§ **Assigned task**:
An exact copy of all records is expected, minus the images.

§ **Supplied records**:
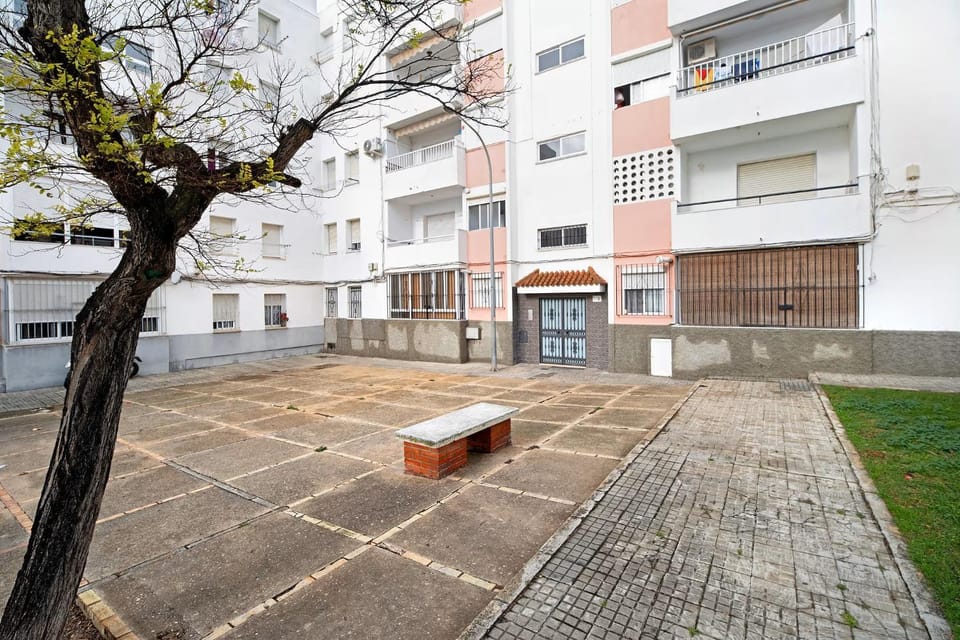 Property building, Neighbourhood, Street view, Location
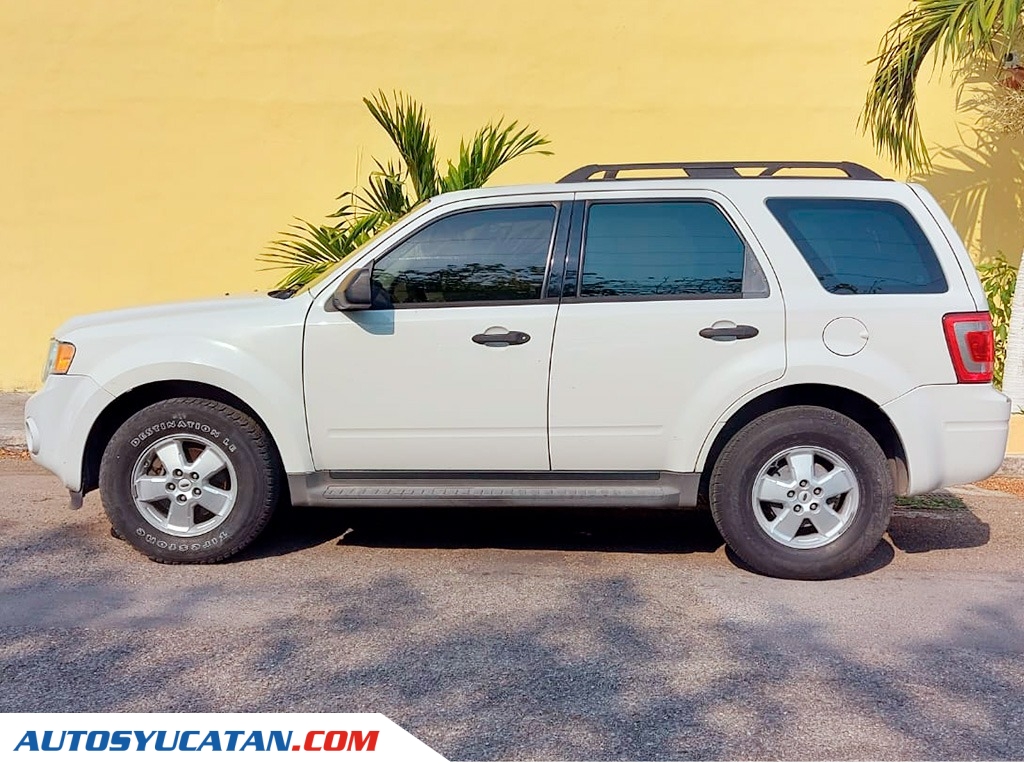 Ford Escape XLS 2009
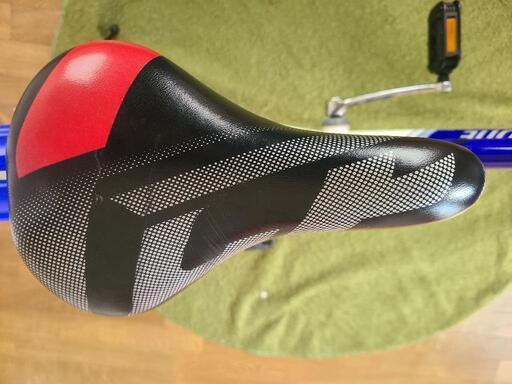 1/30～2/5出荷停止☆momo クロスファイヤージュニア 手動式ライト 1/30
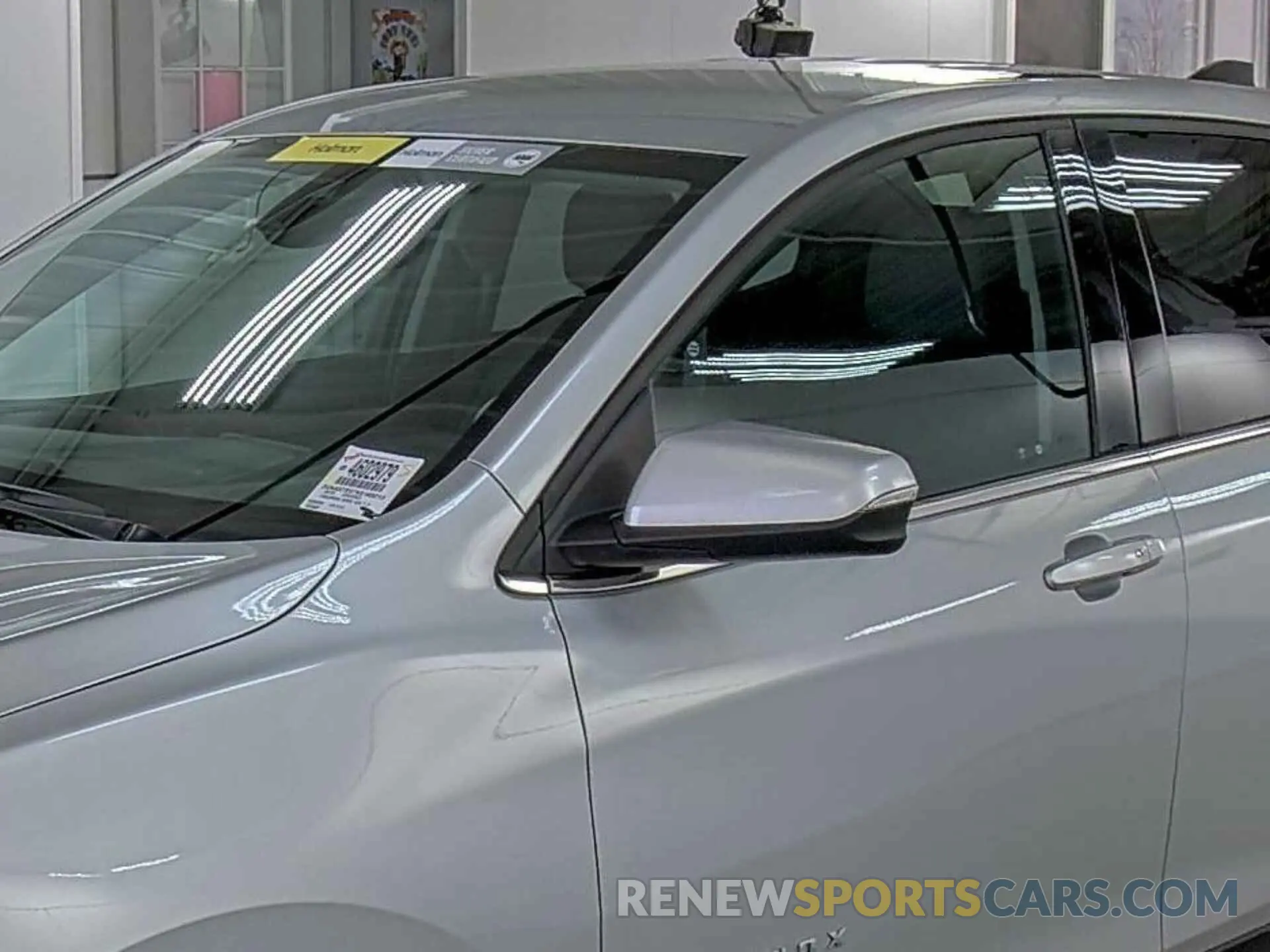 4 Photograph of a damaged car 2GNAXTEV7K6165213 CHEVROLET EQUINOX 2019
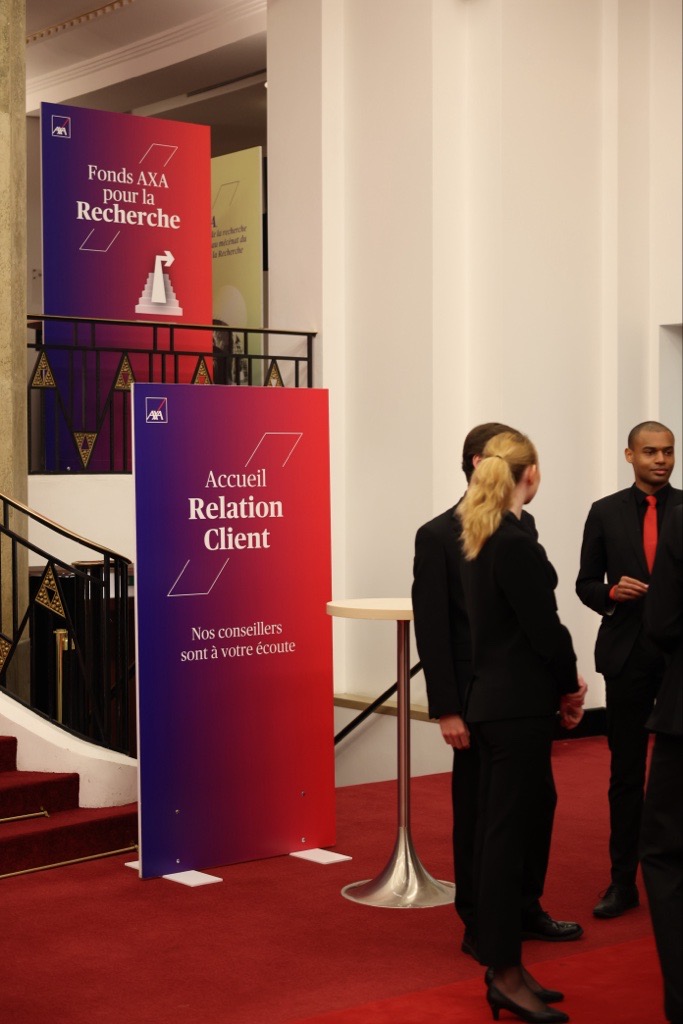 AXA's tweet image. A l'occasion de son Assemblée générale, AXA met à disposition de ses actionnaires un stand mécénat, Fonds pour la Recherche et un espace relation client. Venez découvrir nos engagements et échanger avec nos experts.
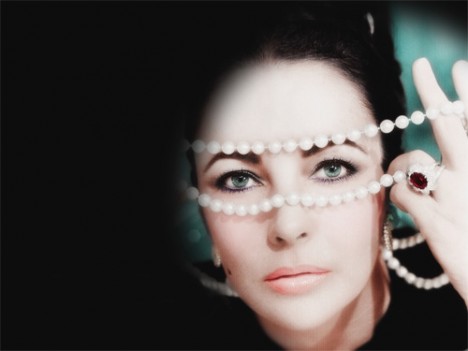 jewelry-elizabeth-taylor-468x351.jpg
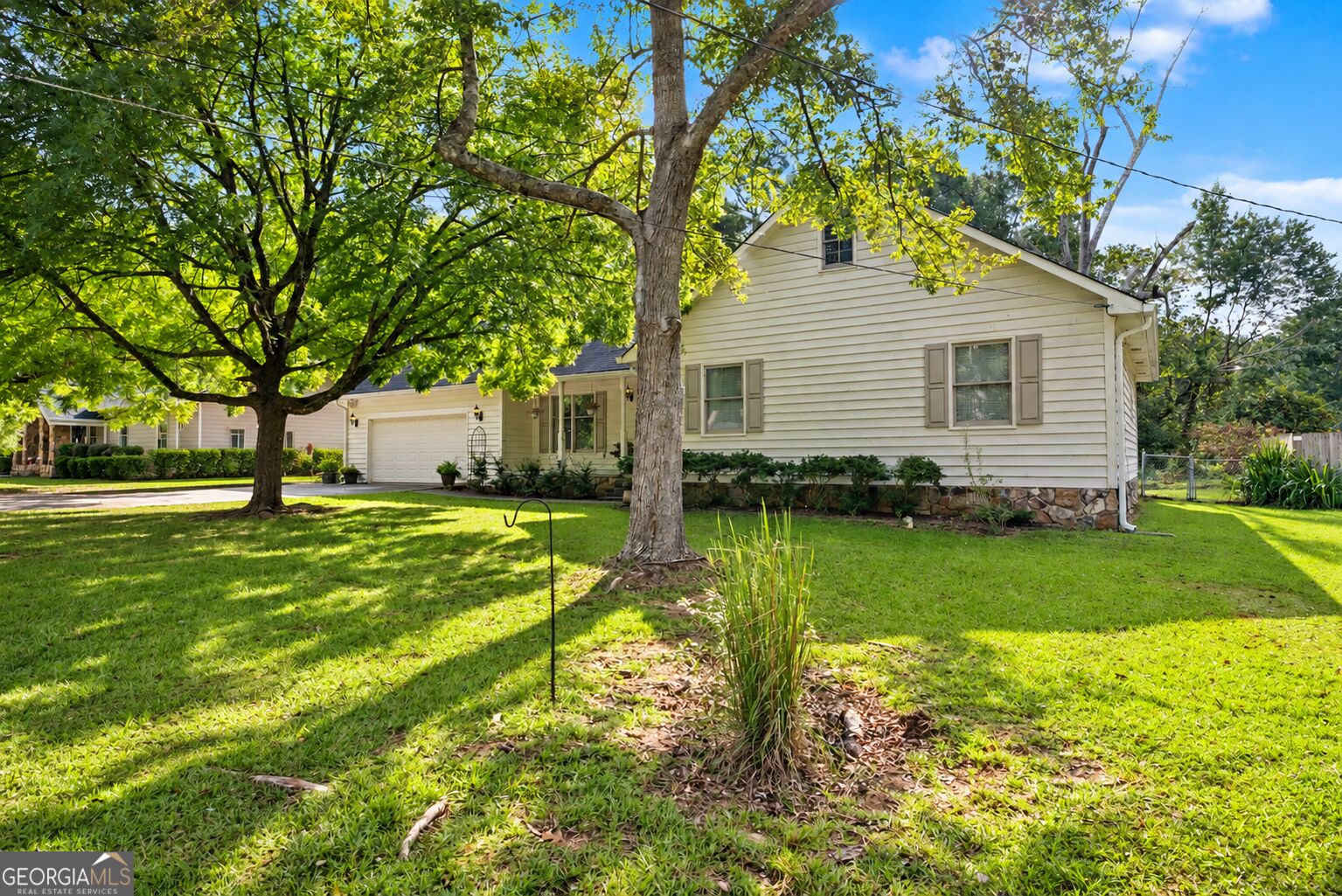 1728 Honeybee Creek Drive Property Photo 3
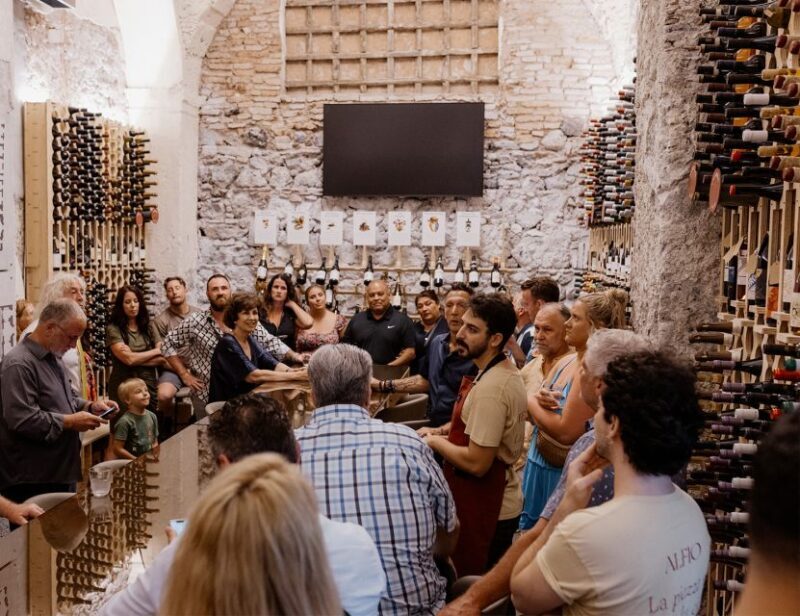 Catania: Volcanic Wine Tasting in a Metropolitan Market - Key Points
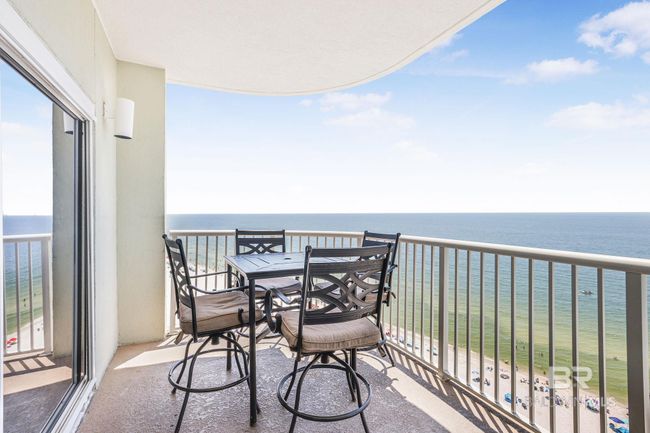 Balcony | Image 15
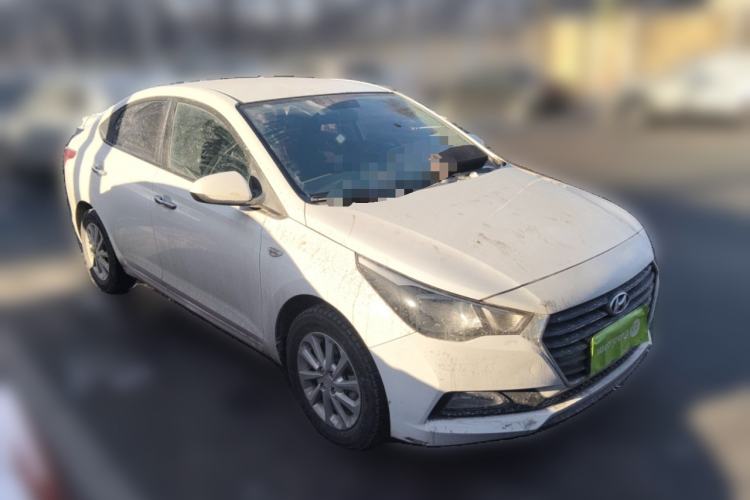 Used Hyundai Verna (new generation) 2016 1.4L Automatic Cool Edition GLS Front Right 45 Deg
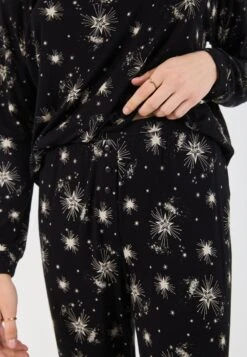 Even&Odd SET - Pyjama Set - Black 14 Even&Odd SET - Pyjama Set - Black -FOREVER 21 d1dae1d0fa8247e380c2eca0d875275b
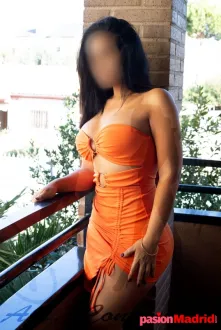 SARA MASAJISTA VENEZOLANA DISPONIBLE LAS 24 HS 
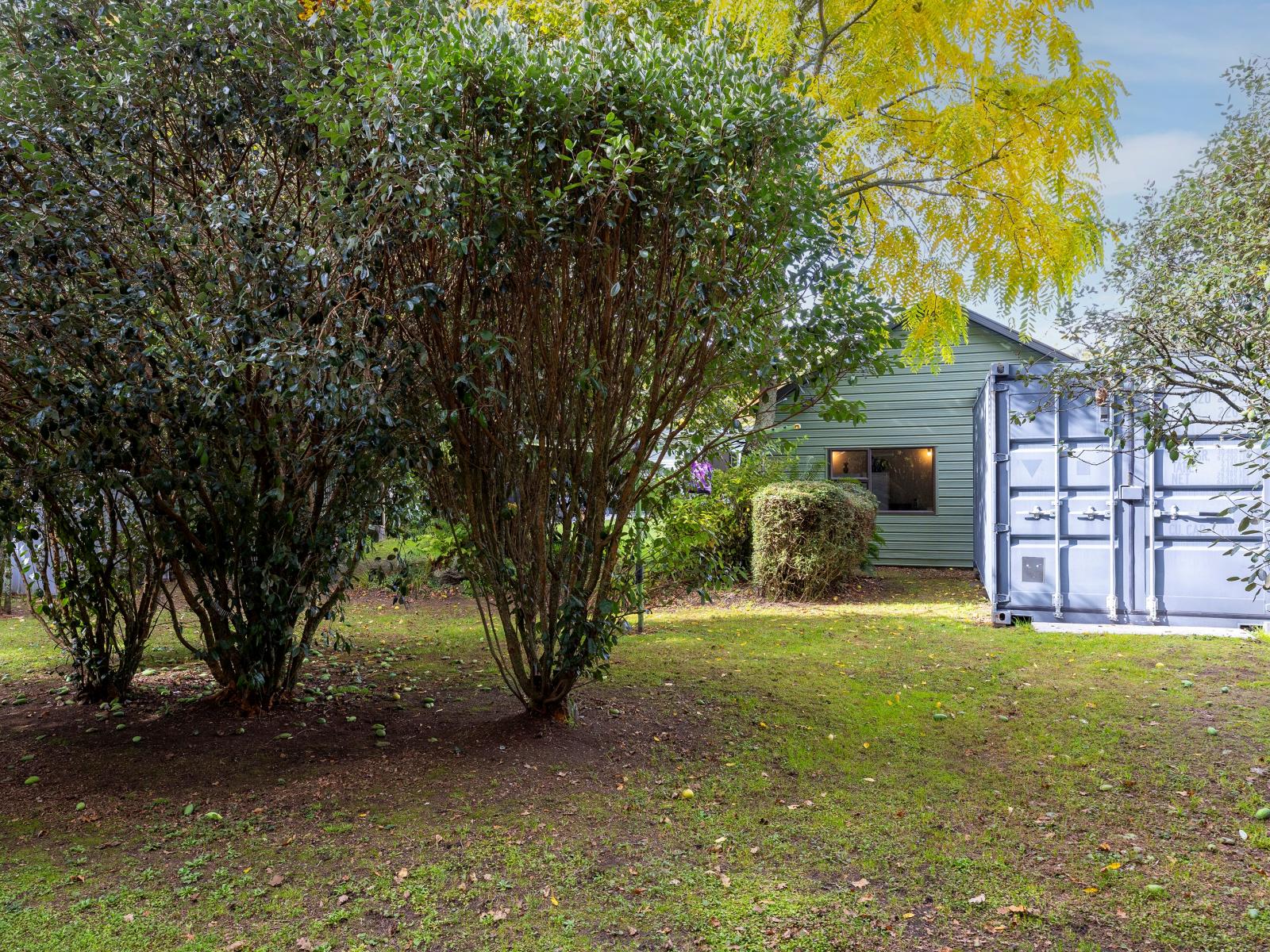1429 River Road, Broadlands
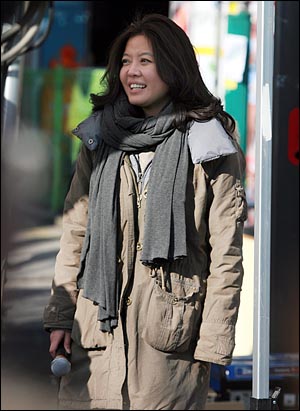 배우 김여진씨가 1월 22일 오후 홍익대 앞 놀이터에서 열린 홍익대 청소·경비 해고 비정규노동자들 돕기 '우당탕탕 바자회'에서 인사말을 하고 있다.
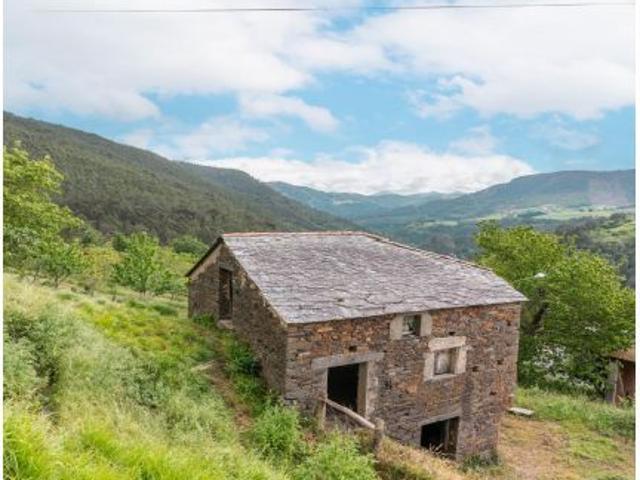 DESPIERTA EN UN LUGAR CON HISTORIA: ESCUELA TRADICIONAL ASTURIANA PARA REHABILITAR EN EL CORAZON DEL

§ **Solution to this task**:
 Property building, Neighbourhood, Street view, Location
 Ford Escape XLS 2009
 1/30～2/5出荷停止☆momo クロスファイヤージュニア 手動式ライト 1/30
 4 Photograph of a damaged car 2GNAXTEV7K6165213 CHEVROLET EQUINOX 2019
 AXA's tweet image. A l'occasion de son Assemblée générale, AXA met à disposition de ses actionnaires un stand mécénat, Fonds pour la Recherche et un espace relation client. Venez découvrir nos engagements et échanger avec nos experts.
 jewelry-elizabeth-taylor-468x351.jpg
 1728 Honeybee Creek Drive Property Photo 3
 Catania: Volcanic Wine Tasting in a Metropolitan Market - Key Points
 Balcony | Image 15
 Used Hyundai Verna (new generation) 2016 1.4L Automatic Cool Edition GLS Front Right 45 Deg
 Even&Odd SET - Pyjama Set - Black 14 Even&Odd SET - Pyjama Set - Black -FOREVER 21 d1dae1d0fa8247e380c2eca0d875275b
 SARA MASAJISTA VENEZOLANA DISPONIBLE LAS 24 HS 
1429 River Road, Broadlands
 배우 김여진씨가 1월 22일 오후 홍익대 앞 놀이터에서 열린 홍익대 청소·경비 해고 비정규노동자들 돕기 '우당탕탕 바자회'에서 인사말을 하고 있다.
 DESPIERTA EN UN LUGAR CON HISTORIA: ESCUELA TRADICIONAL ASTURIANA PARA REHABILITAR EN EL CORAZON DEL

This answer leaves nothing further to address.